A home playoff game is no small matter for Baltimore. The Ravens went 8-0 at home this season, only 3-4 on the road.
Baltimore has been a good road playoff team in recent years, but set home-field advantage as an overriding goal for this season. The Ravens had all of their playoff games on the road in each of the last three seasons. They lost the AFC title game in Pittsburgh in 2008, and had second-round losses at Indianapolis and Pittsburgh again in the last two years.
A victory in Cincinnati would leave them 6-0 in division play for the first time in their history and secure their first home
playoff game since the 2006 season. They would get home field throughout the playoffs if they win and New England (12-3) loses at home to Buffalo.
“It makes a world of difference,” running back Ray Rice said. “It’s huge — anybody will tell you. I personally feel like after
you win the wild card round and not having that bye, you usually come back to that next game scratching and clawing. As you can see, Pittsburgh was the fresher team last year when we had to play them in the divisional game. Needless to say, this week is a playoff game. It’s big for them, it’s even bigger for us.”
The Bengals are trying to complete one of the most unexpected playoff surges in their history. Nobody gave them much of a chance with rookie quarterback Andy Dalton and rookie receiver A.J. Green taking over key spots. The duo grew up quickly — Green made the Pro Bowl, Dalton is a first alternate — and Cincinnati took advantage of a cushy schedule and other teams’ stumbles to stay in contention.
The Bengals got in line for the wild card when the Jets (8-7) lost their last two games. Cincinnati will clinch it with a win.
The Bengals also could get in with a loss, though they’d need a lot of help — a combination of either the Jets and Raiders losing, or the Jets and Broncos losing.
“We’re so excited for this week,” defensive lineman Domata Peko said. “No one’s ready for the offseason yet. No one’s bags
are packed or anything. We’re ready to keep going and make our Super Bowl run, and it starts this week.”
The Bengals lost in Baltimore 31-24 on Nov. 20, when Green missed his only game of the season because of a bruised knee.
Cincinnati fell behind 31-14 early in the fourth quarter, but Dalton led a furious comeback. He threw for 373 yards — a Bengals rookie record — but set up the big deficit with three interceptions.

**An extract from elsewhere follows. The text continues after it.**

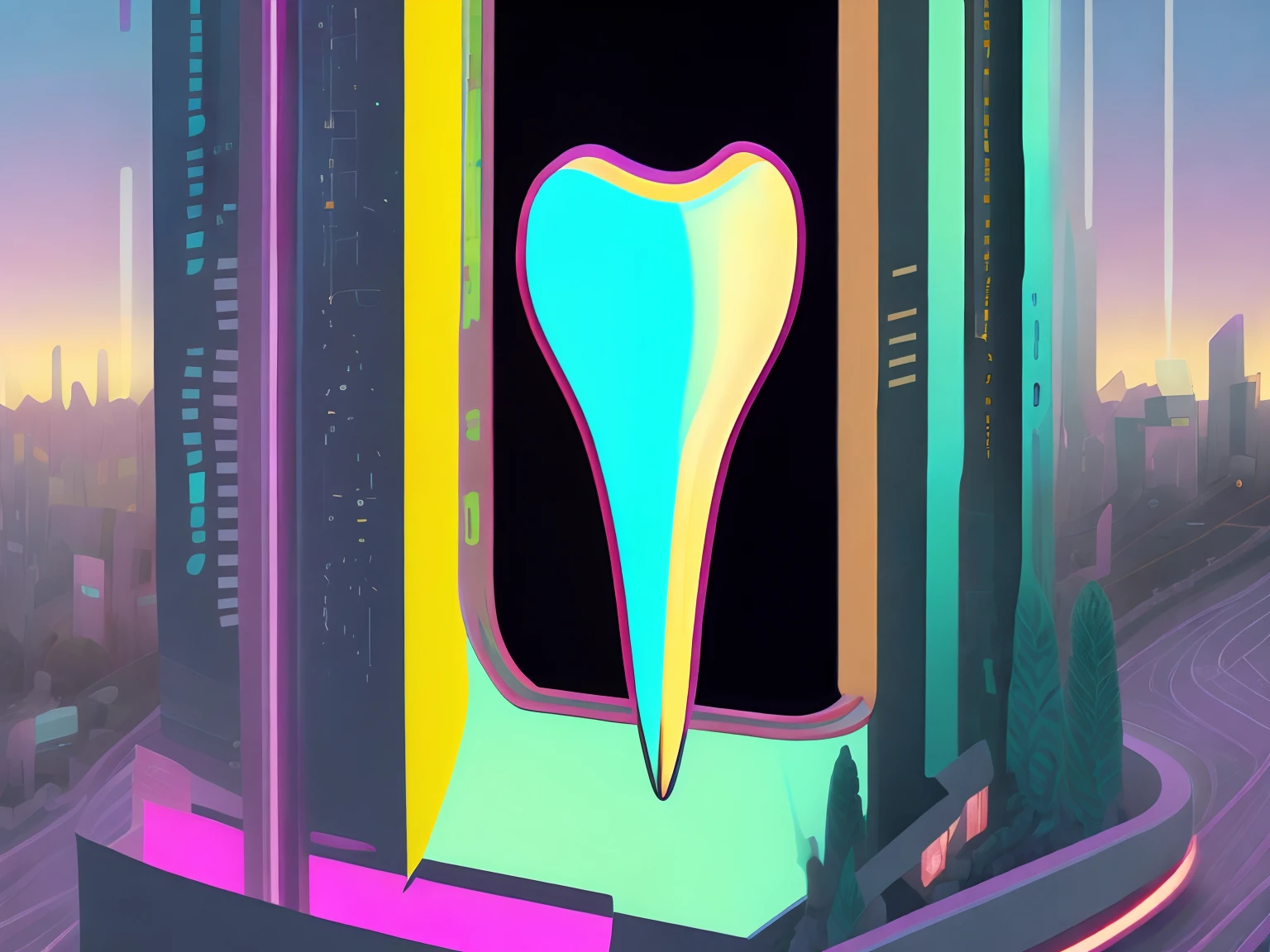 A Digital Tooth Illustration, cores neon por Kilian Eng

It was part of a trend. The Bengals are 0-6 against teams that are currently in first place or have clinched playoff berths.
Fans have stayed away because they’re upset with owner Mike Brown, whose franchise has one of the worst stretches of futility in league history. It appeared the Bengals were on their way to becoming a consistent contender when they won the AFC North in 2005 behind quarterback Carson Palmer, but they couldn’t sustain it.
Now, with Dalton and Green and a young defensive core, they’re at the same point again.
“I know we can be that type of team,” middle linebacker Rey Maualuga said. “All I can picture is us growing and becoming
special. I just hope we don’t start in a couple years. Why not start this week and feed off that and just build on that? I know we’re capable of being that team.”